Put the backup-steps in a simple script so that it can run automatically. I would love to be able to use public key authentication with that ssh server. If that does not work, I’ll have to play with modifying the provided “expect” scripts to do what I want.
I also don’t want to just trust the backup to work, especially with the snapshot taken while the VM is running. In theory, the filesystem inside the VM should survive this crash-consistent state but I want to really make sure it does. Plus, there are a ton of other things that can go wrong.

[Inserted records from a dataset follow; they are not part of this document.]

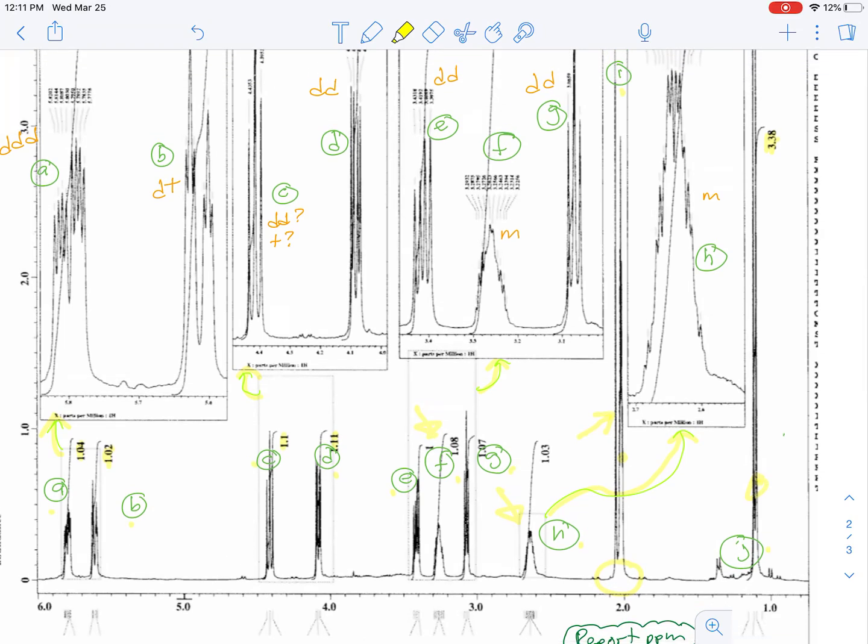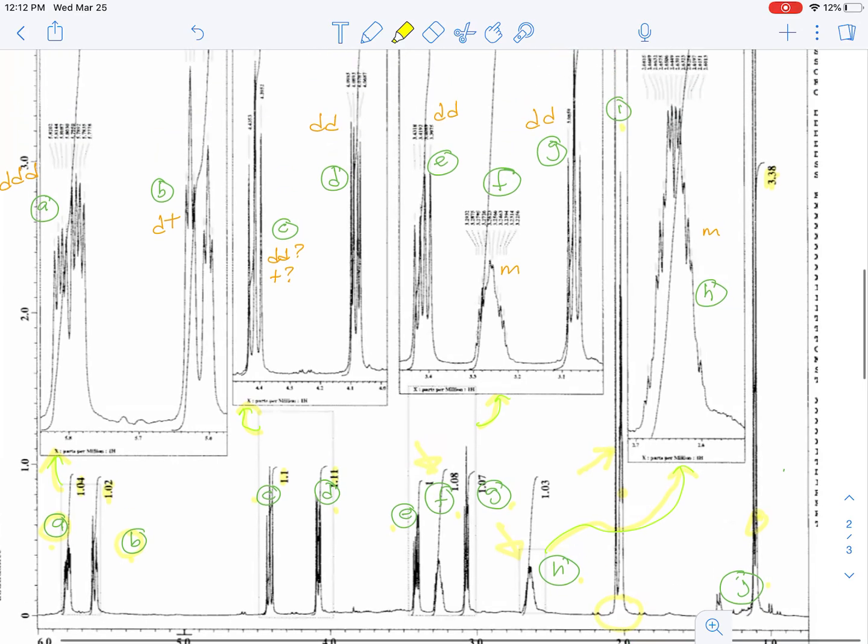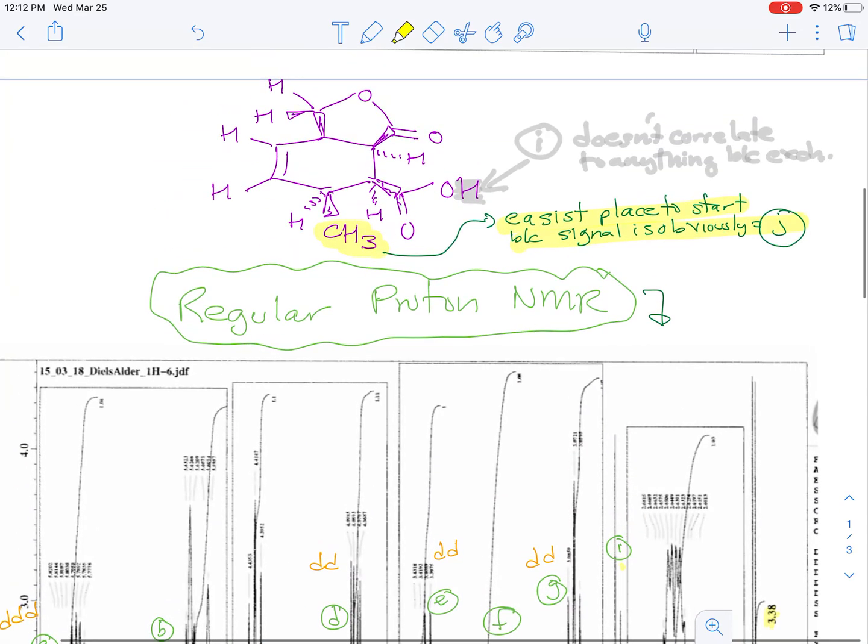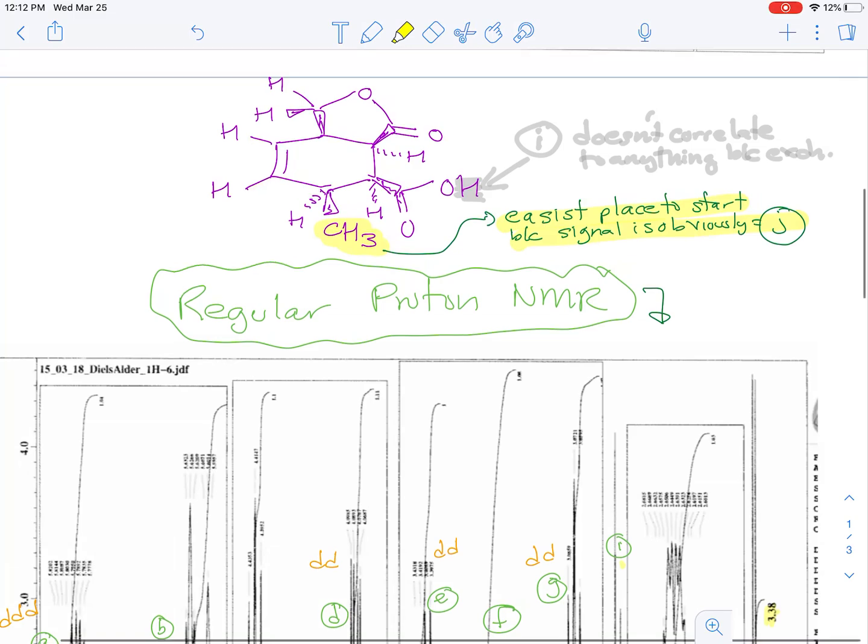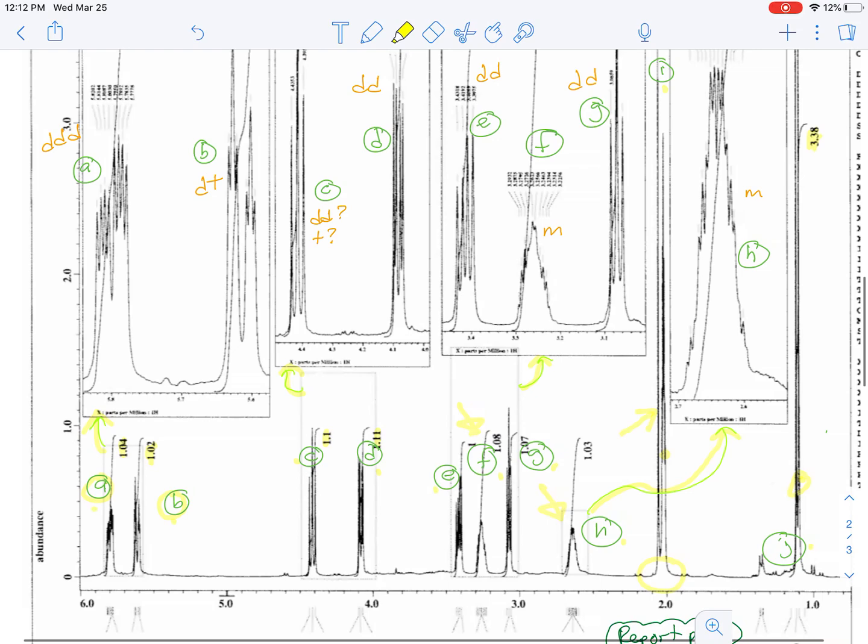When we go to assign these signals, it's pretty hard to assign them specifically. For example, we know that A and B are both the vinyl hydrogens, but we don't know which vinyl hydrogen, because if we look at the structure here, there are two vinyl hydrogens.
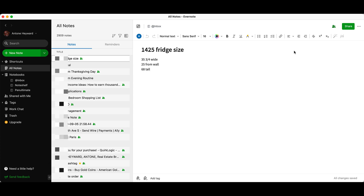Hello everyone, my name is Anton and today I want to get into a topic around migrating from Evernote into Obsidian. This is going to evolve around a couple different mentalities.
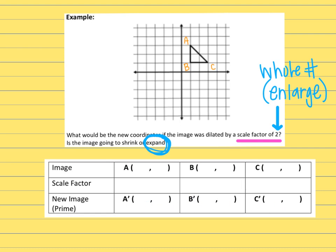There's a table and our purpose is to find the coordinates of the new image. I'm going to fill in what the ordered pairs are for A, B, and C. For coordinate A it would be (1, 3), for coordinate B it would be (1, 1), and for C it would be (3, 1).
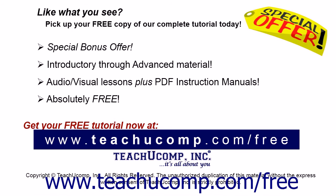Like what you see? Pick up your free copy of the complete tutorial at www.teachyoucomp.com forward slash free.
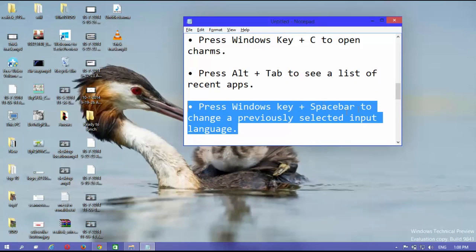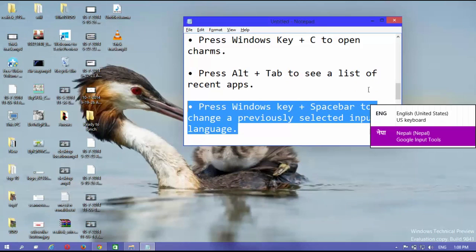Press Windows key plus space bar to change a previously selected input language.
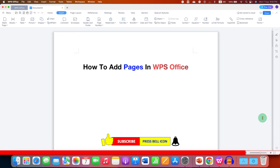Click on that like button, comment below and let me know if this video solved your problem. And don't forget to check out these useful videos related to WPS Office.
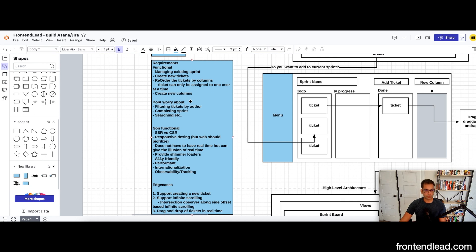In terms of scoping, we don't have to worry about filtering tickets by author, completing sprints, or searching for tickets. Now let's discuss the non-functional requirements.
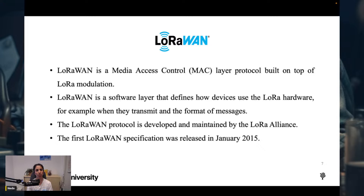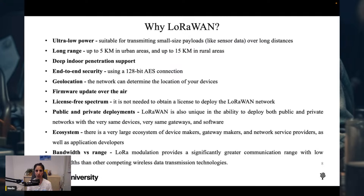LoRaWAN is a media access control (MAC) layer protocol — LoRaWAN is a protocol, while LoRa is the physical technology. LoRaWAN is built on top of LoRa modulation and is a software layer that defines how devices use the LoRa hardware, including when they transmit and the format of messages. The LoRaWAN protocol is developed and maintained by the LoRa Alliance. The first LoRaWAN specification was released in January 2015. Key advantages include ultra-low power, long range, and suitability for small payloads like sensor data.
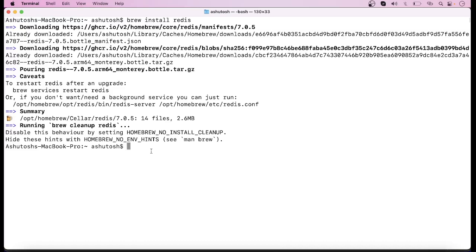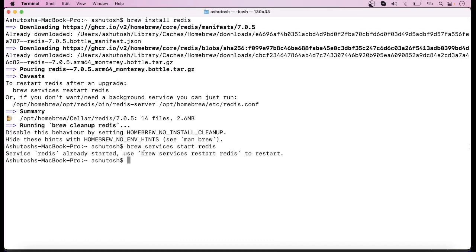Now to check whether Redis is properly installed or not, you have to start the Redis server. For that you can run the command `brew services start redis`. When you run this command it will show: 'Service redis already started — use brew services restart redis to restart.' This means Redis is already started.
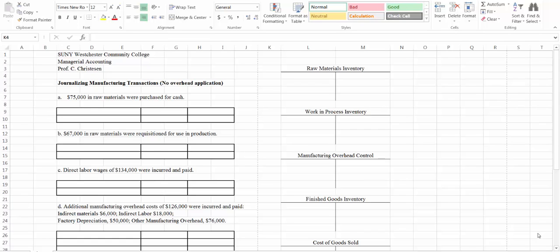Hello and welcome to this managerial accounting video where we go over journalizing manufacturing transactions. In this particular example, we don't have any overhead application, so we're just going to look at all of the other journal entries. You should have your handout printed out — the first page has spaces for journal entries and the second page shows what these look like when posted into inventory and related accounts.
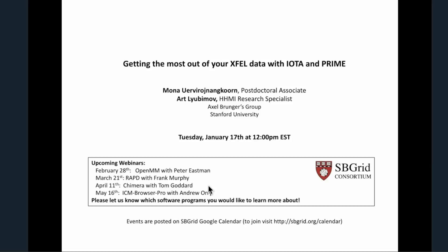Great. We're pretty much at our time. Thank you both very much for two great talks combined into one. Thanks everybody for tuning in today. We'll follow up offline.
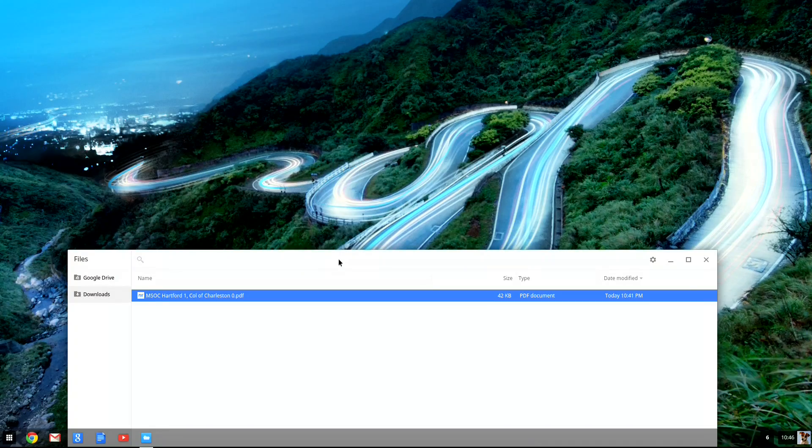Hey everybody, it's Lon Seidman and the Chromebox is back on the desk today because Google has just announced that the first round of Android apps that work in Chrome OS have been released. There's about four of them right now. I'm going to step you through a couple of them just so you can see what it looks like.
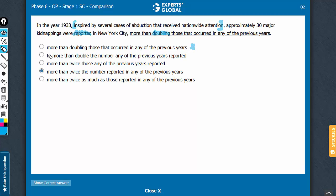Similarly, choice B also, because of this 'to more than double,' sounds as if the reporting led to the doubling of number or as if the reporting was done in order to double the number. That's not the case.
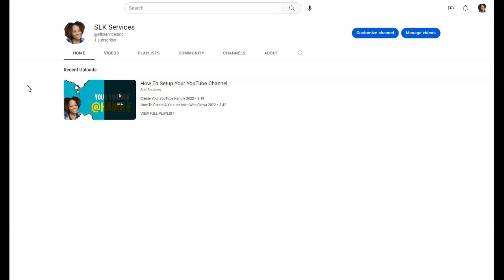A channel trailer basically just introduces you to an individual's channel, to tell you a little bit about who they are, what their channel is about, and pretty much that's it.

So in addition to automating the backup process I’d like to automate the recovery aswell. The idea is to import the backup back into OVM, change the virtual network to a sandbox and boot the VM. We can then perform a series of basic tests against it to check if all needed services inside the VM come back up the way they should. When this works, we have tested and guaranteed that our backup really works and we also know how long it takes to restore our backup.